A federal judge ruled Tuesday that a former coach of a South Bend high school basketball powerhouse who claimed he was forced out because he was white may proceed with a discrimination suit against the school corporation.
Former South Bend-Riley High School basketball coach Mark Johnson sued South Bend Community Schools alleging race discrimination and disparate treatment, retaliation for complaining about the alleged discrimination, and negligent failure to supervise.
Johnson’s first two claims survived the school corporation’s motion to dismiss, with District Judge Philip P. Simon leaving the door open for Johnson to revise his negligent supervision claim.

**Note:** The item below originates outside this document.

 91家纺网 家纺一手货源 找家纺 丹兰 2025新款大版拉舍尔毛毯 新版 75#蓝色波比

According the Johnson’s complaint, he had been a coach at Riley for 15 years. Before the 2016-17 season began, principal Francois Bayingana made the unusual request that Johnson keep school board member Leslie Wesley’s son on the team, which he did. Both Bayingana and Wesley are African-American. Johnson’s suit alleges Wesley subsequently tried to interfere with his coaching authority and made negative comments about him.

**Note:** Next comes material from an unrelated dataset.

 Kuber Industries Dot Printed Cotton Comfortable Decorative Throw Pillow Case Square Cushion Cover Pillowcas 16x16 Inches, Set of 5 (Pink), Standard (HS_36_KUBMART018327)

“Johnson claims that Wesley went public with the complaints about him and his coaching. In particular, she went on Facebook and publicly accused him of hidden racism,” Simon wrote in an order Tuesday denying South Bend schools’ motion to dismiss the claims.
Wesley’s sister, Charan Richards, the head guidance counselor at Riley, “started to do Wesley’s bidding,” Simon wrote. “On February 12, 2017, Richards sent an email to Johnson, carbon copying Principal Bayingana and the athletic director, saying ‘Mark, from [South Bend] LaSalle to [South Bend] Riley you have done African American males (team players) wrong’ and ‘I’m on to you Mark’ ... The message even had the whiff of a threat to it; Richards told Johnson that ‘I am watching you this year.’”
Johnson said he immediately reported the emails as harassment to the principal and athletic director, but neither the principal or SBCSC superintendent Kenneth Spells, who knew of the harassment allegations, investigated.
Considering “did not believe he had the support of his administration and he did not believe he could remain an effective teacher and coach since he is a Caucasian male in a school with a large minority student, teacher, and administrative population,” Johnson retired from his teaching and coaching position. His suit alleges that when he agreed to teach summer school, “following the June 5, 2017 school board meeting, Johnson was the only teacher not approved for summer school.”
In letting his discrimination claim survive the motion to dismiss, Simon wrote, “Johnson has pleaded sufficient factual detail to put SBCSC on notice of a plausible claim that he was constructively discharged, and the allegations do rise above the speculative level. I will concede that the factual allegations are a bit tepid at this point, but they are enough, if barely so, to get the case to discovery. And to the extent SBCSC argues that Johnson hasn’t said enough about how egregious his working
conditions were, I think that is something best left for summary judgment, after discovery has fleshed out all the facts of the case.”
South Bend schools have yet to reply to Johnson’s allegations in the suit, Mark Johnson v. South Bend Community Schools Corp., 3:17-cv-825.